I’ve been tiptoeing through the Twitter universe lately, looking for new voices to which I’d like to listen and catching up on insights from people I already follow.
In the process, I’ve run across plenty of critical, judgmental, and downright condemning remarks about pro-life people. These generalized, sweeping statements are usually put out there with little or no evidence to support them.
One of the most common accusations against pro-lifers is that we allegedly only care about the baby in an unplanned pregnancy—that we don’t care about the woman, and therefore have no right to come alongside her during her decision-making process.
This assertion is such a far stretch from the truth it hardly merits the time and energy required for a response.
Anyone who has bothered to pay even a scant bit of attention to the work we do in pregnancy centers around the world—not to mention what other pro-life organizations do as well—can easily see two things:
- Our services are provided in an atmosphere of real care and compassion, not only for the baby, but for the distressed woman (and her partner, if he is present).
- Helping a person or family through a particular type of crisis is a legitimate and necessary ministry.
I won’t go into a lengthy argument here as I’d be preaching to the choir, but I want to encourage and admonish those who put their heart and soul into the life-affirming mission: Don’t listen to the detractors.
They drain your valuable time and energy. They distract you from your mission.
Instead of listening to those voices, listen to the stories of your clients. Listen to your own story. Watch and witness how God has used you, not only to rescue endangered pre-born children, but to minister to individuals in all kinds of unexpected ways.
When I look back on ten years at my local pregnancy help center, I am amazed at how many lives have crossed my path.
This ministry is surely not only about the babies.
I think of the young man whose girlfriend told him she was going to have an abortion, and how desperate he was to rescue his child.
Our last conversation took place on the phone. I had to tell him, regretfully, that the law was not on his side—yet in his anguish, I was able to offer some comfort.
He didn’t know his name was in the Bible. He didn’t know God’s perspective of him. He found out a little about his own identity and God’s love that day on the phone.
It brought him a measure of peace. I think he’ll always remember that.
(Sometimes it’s the dads who need help. We’re here for them, too.)
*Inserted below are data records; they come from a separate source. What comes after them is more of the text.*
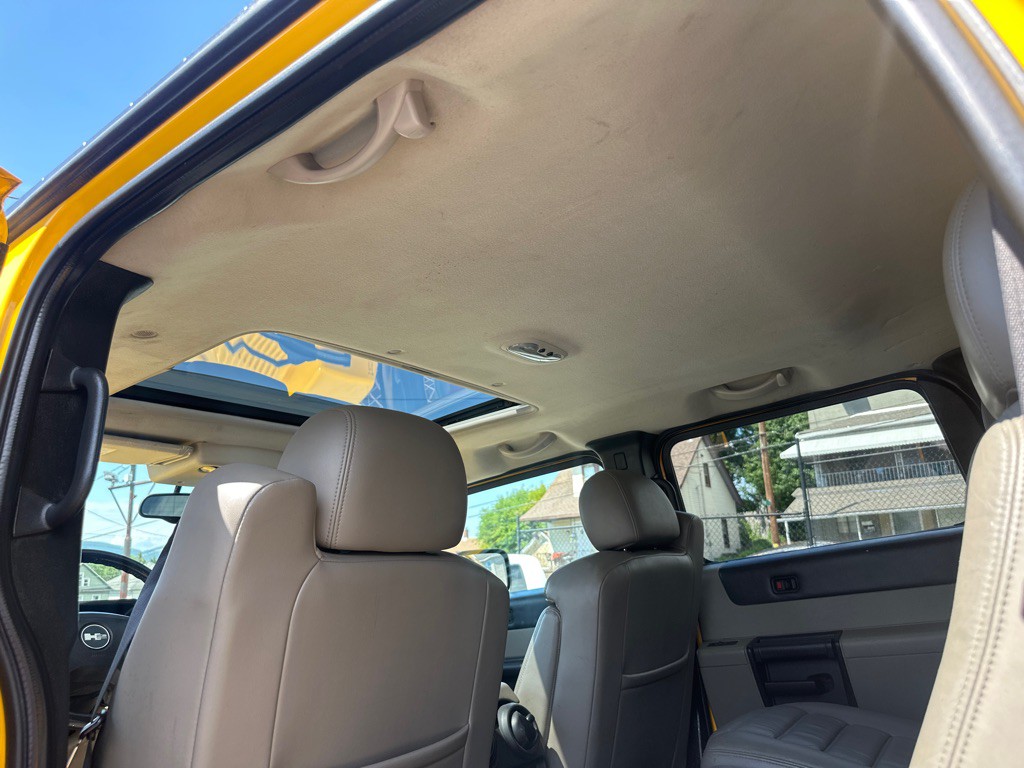 2006 HUMMER H2 Image 19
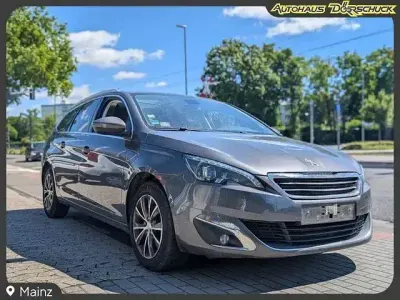 Gebraucht Peugeot 308 SW Allure 131 PS (96 kW) 2017 Grau Kombi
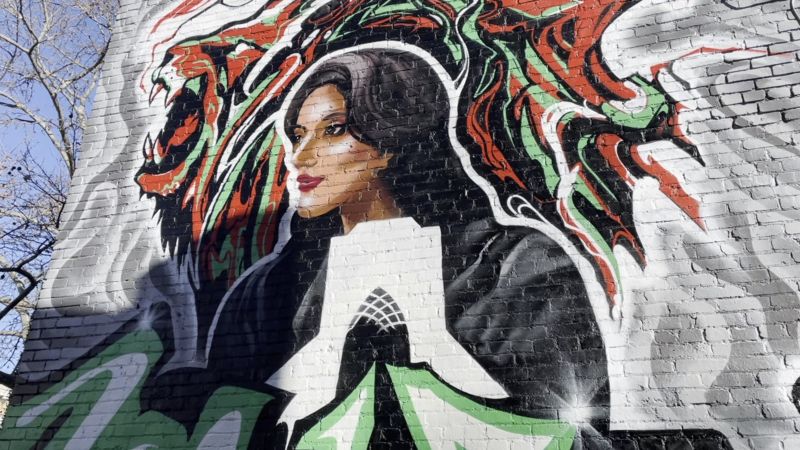 رونمایی از نقاشی دیواری مهسا امینی در شهر واشنگتن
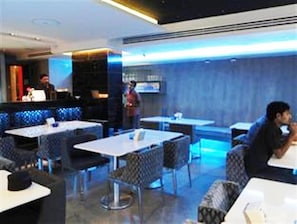 Breakfast, lunch, dinner served; Indian cuisine - Blutique Hotel (Bangkok)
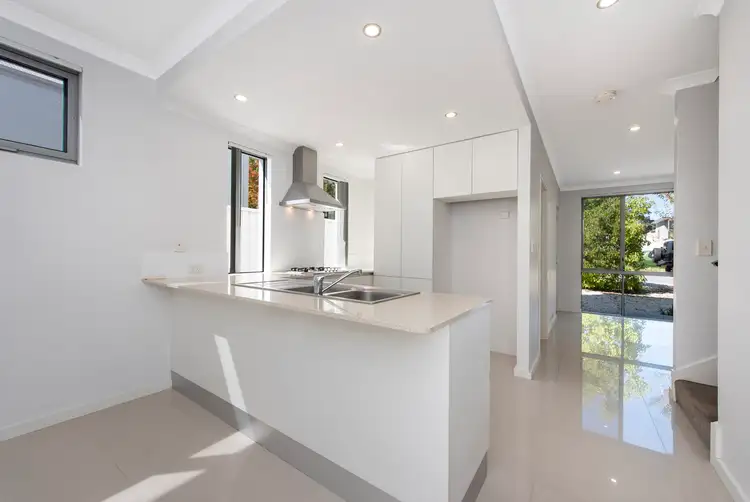 Fifth view of Homely house listing, 2/48 Morfitt Street, Mandurah WA 6210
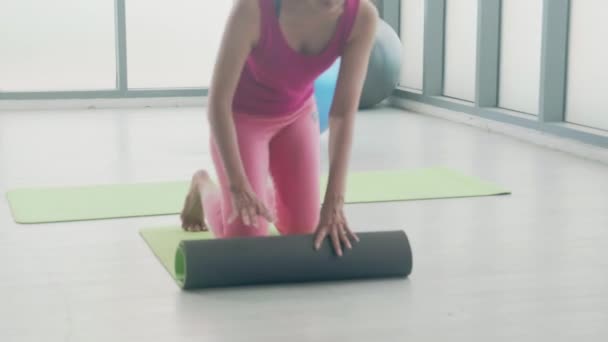 Jonge Vrouw Vrienden Rollend Met Mat Yoga Vloer Voor Voorbereiding — Stockvideo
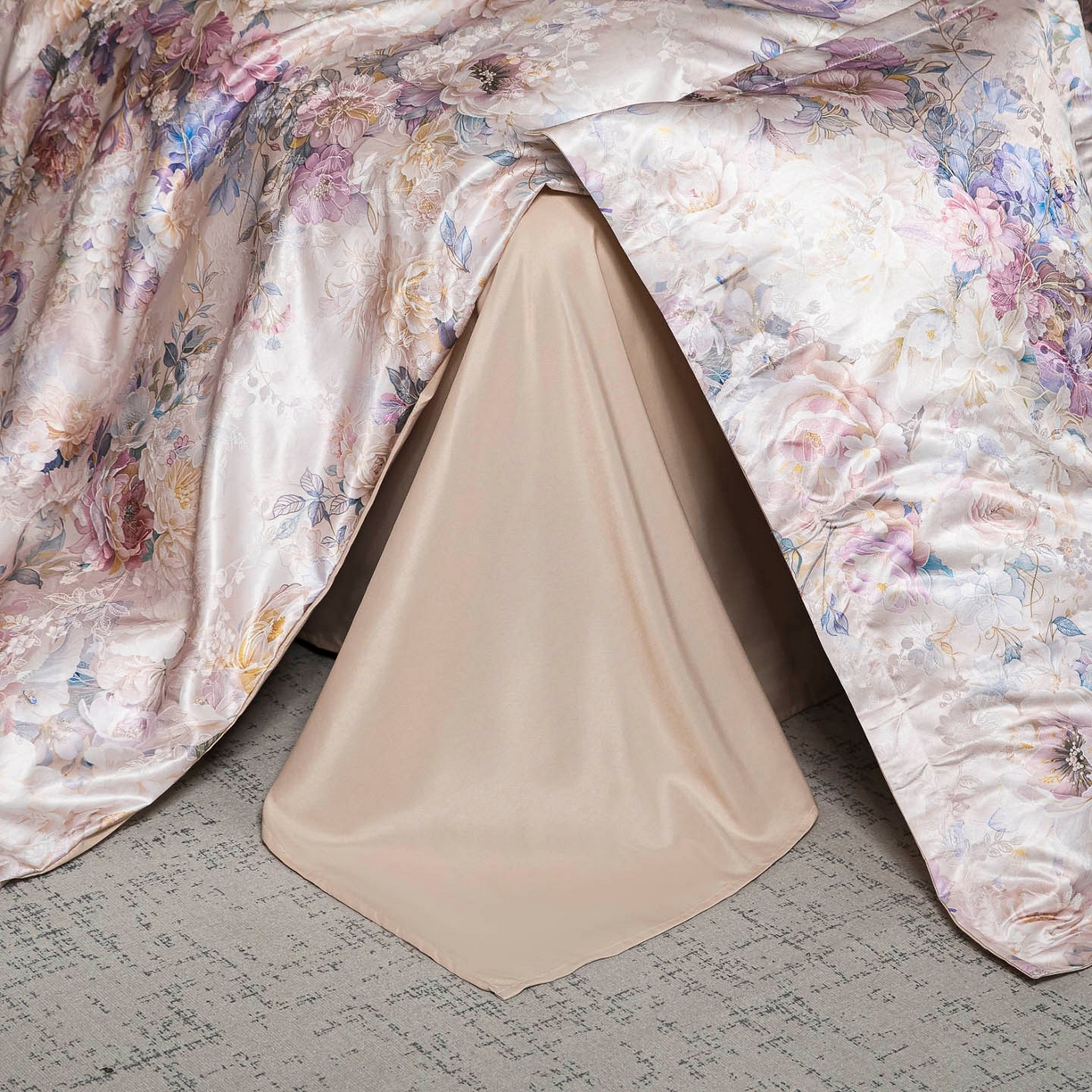 91家纺网 家纺一手货源 找家纺 莱欧纳家纺 2025新款轻奢提花印花四件套 梦澜-粉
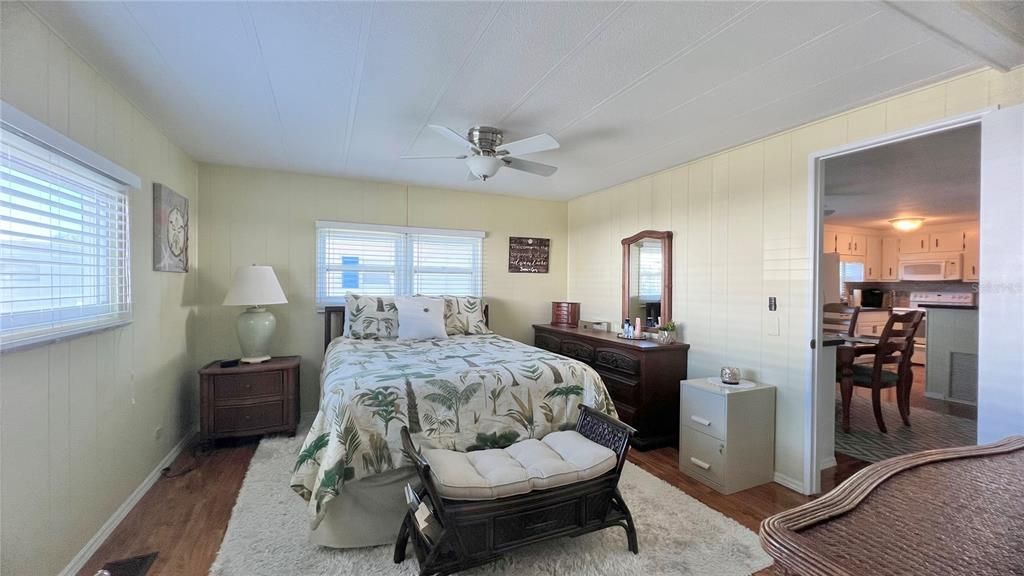 Active With Contract: $174,500 (2 beds, 2 baths, 999 Square Feet)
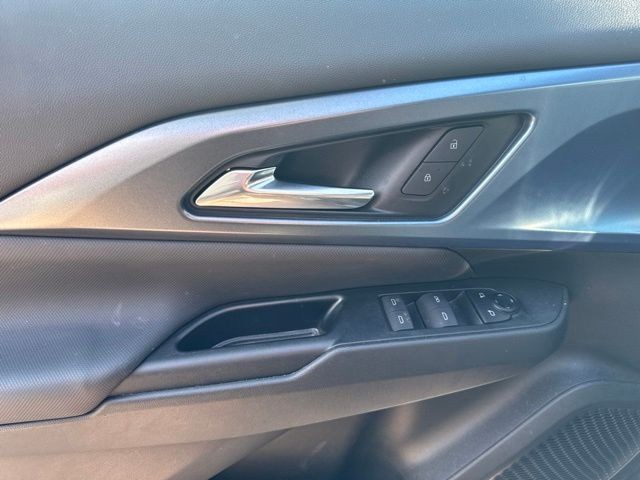 Chevrolet Equinox EV Vehicle Full-screen Gallery Image 19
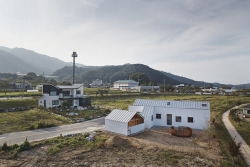 ombuarchitecture:Twin Peaks HouseWanju-gun • Jeollabuk-do • South KoreaBy apparat-cvia Archdaily Brasil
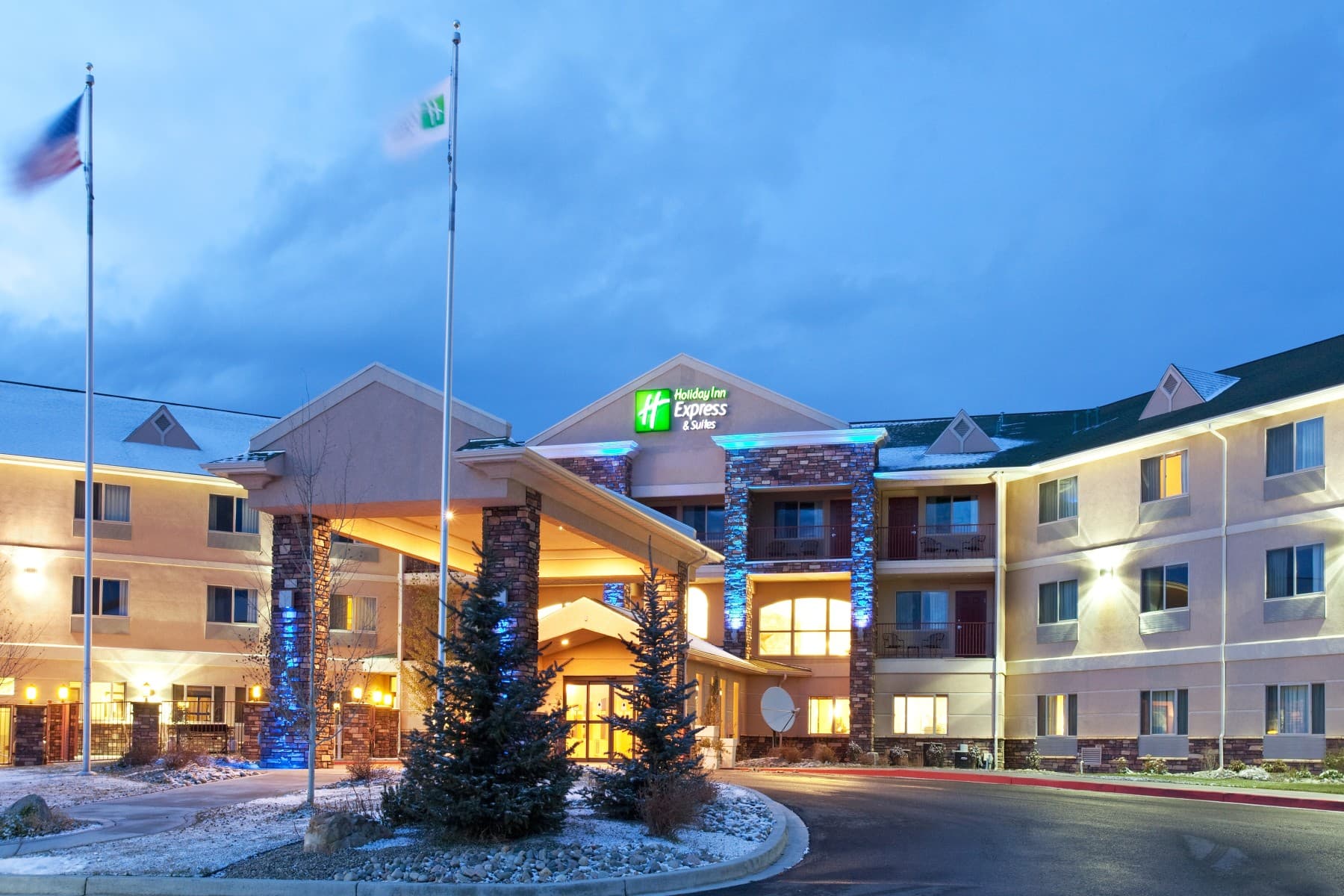holiday inn express & suites - gunnison, colorado photo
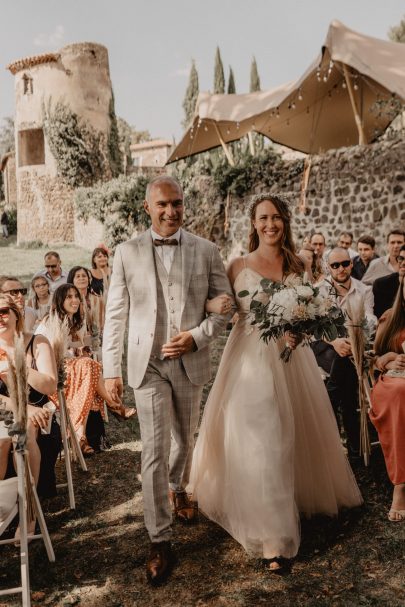 Un mariage champêtre au Château de Bois Rigaud en Auvergne - Photos : Clarisse et Johann - Blog mariage : La mariée aux pieds nus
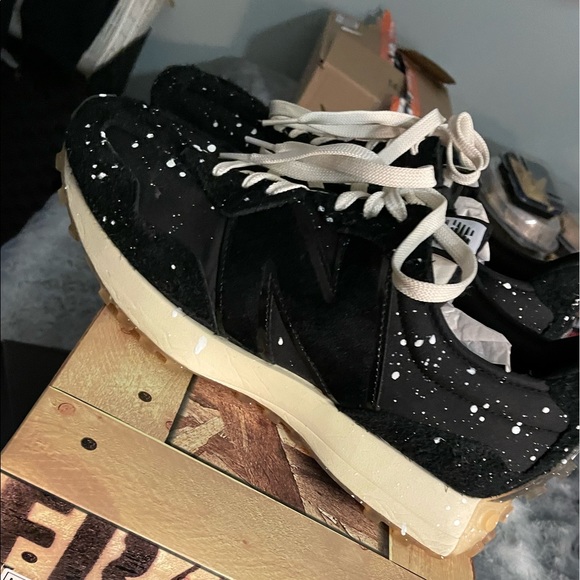 New balance - Picture 1 of 3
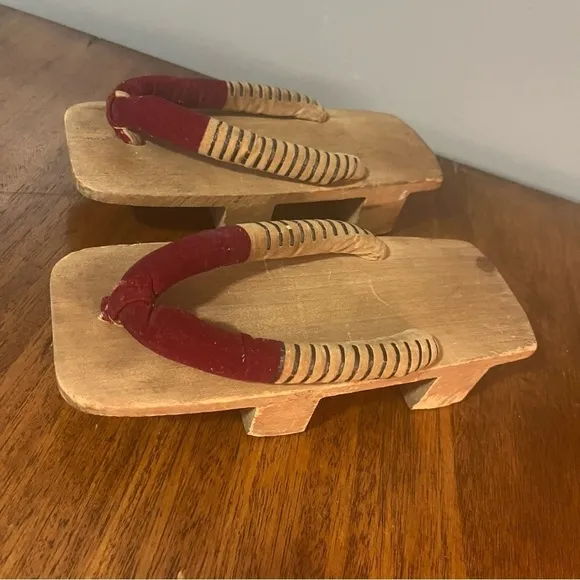 Pair of Vintage Japanese Clogs / Wooden Shoes. Size 6- 6.5
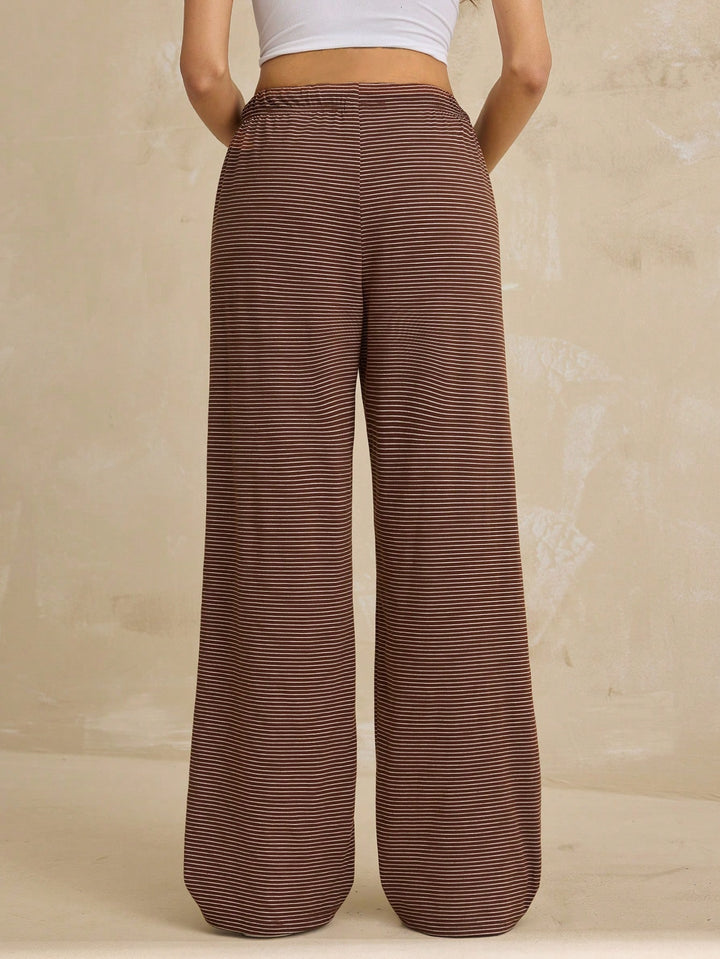 Pantaloni SHEIN, maro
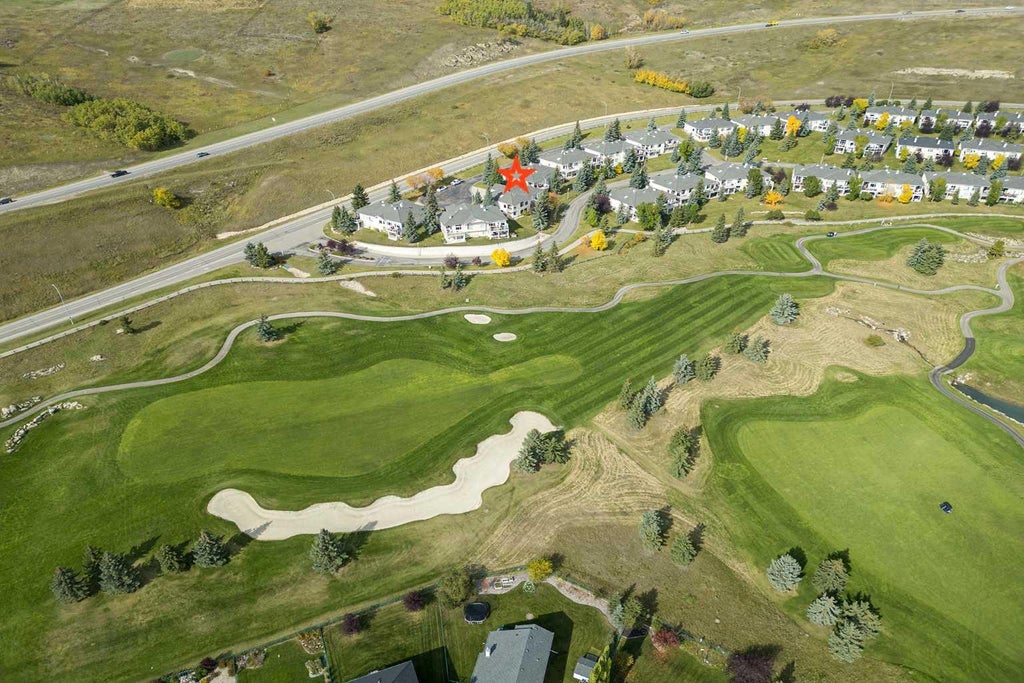 Photo of 10 Eagleview Heights, Cochrane, AB T4C 1P5 (MLS # A2347318)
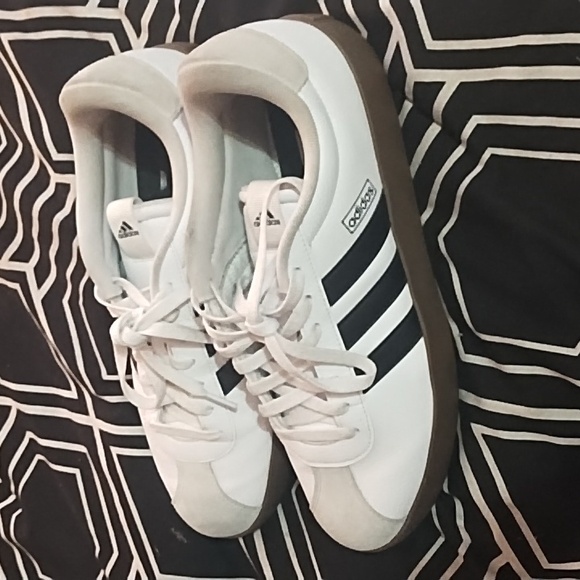 Adidas shoes size 10.5 like new. Hardly worn in very good shape. - Picture 3 of 4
Then there was the older woman who came into the clinic, stooped and dragging with exhaustion. She had seen our sign for years, and had finally worked up the courage to come in.
She needed to talk about her abortion that took place forty years prior.
The woman seemed to be in shock. Her story came tumbling out.
“I denied my children of a sibling. I denied my siblings of a niece or nephew…I know I have some work to do.”
She was one of numerous women who entered our doors (or attended our weekend retreats) for the purpose of finding peace and healing after abortion.
(Post-abortion recovery is a significant way in which pro-life people demonstrate compassion to women who’ve been traumatized by what they were told is merely a choice.)
Another face comes to mind... After her appointment, one young woman stood hugging me for what seemed like two or three minutes before she reluctantly pulled away and walked slowly out the door. She had come to us for comfort and help after a miscarriage.
She found what she needed.
(Pregnancy loss is another area where we have the opportunity to offer care and comfort.)
Life skills classes are a huge help to clients who need help with financial issues, relational problems, and basic parenting skills.
At our clinic, which is located on the border of Idaho and Washington, courts from both states regularly send clients our way to complete the parenting classes required for them to gain back their children.
(Life Skills classes offered at pregnancy centers give ongoing, practical help to parents in the community, including those who decide to carry their babies to term as a result of their initial visits to the center.)
Then, of course, there is story after story of the blessing which comes with a life decision.
The young woman who is sure her parents will kill her if she is indeed pregnant…yet the story ends with happy grandparents, a relieved teenager, and a bright new face in the world.
Or the girl whose mother threatened to cut off her college fund if she got pregnant…but in the end, Grandma adores her granddaughter and sends her daughter to college after all (where she makes good grades while raising her little girl).
Or the couple who was trying to break out of addictions and a partying lifestyle, who initially thought they should have an abortion. Instead, they kept the baby, got married, and both came to faith in Christ.
Ask the multitude of women who have received services at pregnancy help centers about their experience, and you’ll find that positive ratings are the norm by an overwhelming majority.
So, while it’s true that we care about the vulnerable unborn among us, it’s also true that we care about their mothers.
But we don’t stop there.
Tweet This: "It’s true that we care about the vulnerable unborn among us, it’s also true that we care about their mothers. But we don’t stop there."
We also care about fathers. We care about women and men who suffer from post-abortion trauma. We care about those who suffer pregnancy loss.
We care about struggling couples in our community, including those who choose life for their children due to our support services.
I’m proud and grateful to be called pro-life.
Let’s keep our hand to the plow. Our mission is vital—in multiple ways.